I have this issue when i try to make it works in another gcp project. I have reproduced the same step (API enabled, service account created, same rights, same location), in my code i just change the project_id and credentials.

I have tried to change the location to check it is not due to a lack of ressource on google side. Also checked a really simple Hello World Pipeline and can't make the Pipeline go into the Running state.

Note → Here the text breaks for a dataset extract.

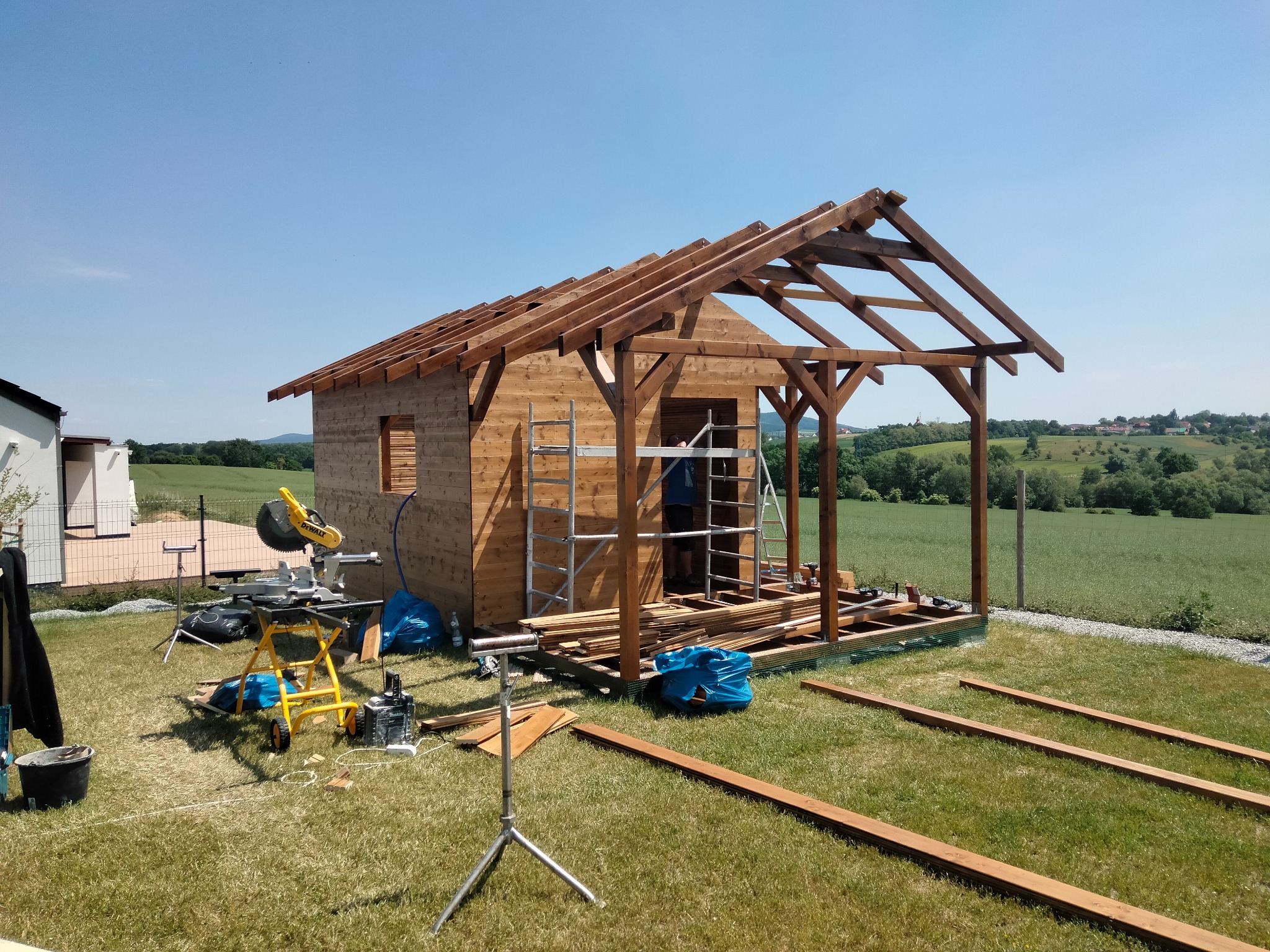 Drewniany domek letniskowy w trakcie budowy, widoczne narzędzia i elementy konstrukcyjne na tle zielonego krajobrazu. Uwagę przykuwa precyzja wykonania szkieletu.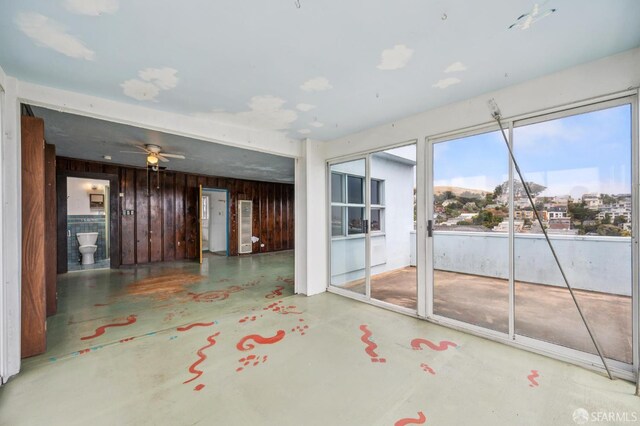 80 Bronte St, San Francisco, CA 94110 - empty room featuring concrete flooring, a ceiling fan, and wooden walls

I also have checked Cloud logging but can't find anything useful.

Any ideas? Thanks

L.GAYET
  • 86
  • 6
  • Internal errors are mainly due to system errors, they are mostly transient. But since these are not very descriptive I would advise to open a [support ticket](https://www.google.com/aclk?sa=l&ai=DChcSEwiy2Yjz1uz-AhVjmmYCHcOWC9EYABABGgJzbQ&sig=AOD64_2jnoaj-Kt3pj5MUKzCPSajdYF0DA&adurl&ved=2ahUKEwj1xYLz1uz-AhVV-DgGHRlkDDgQqyQoAHoECAgQCw) with GCP or create a issue thread in GCP [public issue tracker](https://cloud.google.com/support/docs/issue-trackers) to get a precise issue description and solution. – Sakshi Gatyan May 11 '23 at 06:53
  • Don't you find it weird that the pipeline doesn't even start? How can they be a system error if no node is executed? – L.GAYET May 11 '23 at 07:49

2 Answers2

1

I finally found out what was missing. It was some IAM permissions (concerning Cloud Storage and Bigquery in my case)

L.GAYET
  • 86
  • 6
0

I got this error using a GCS bucket in a different region than the region my pipeline ran in.

Roy van Santen
  • 2,361
  • 3
  • 10
  • 11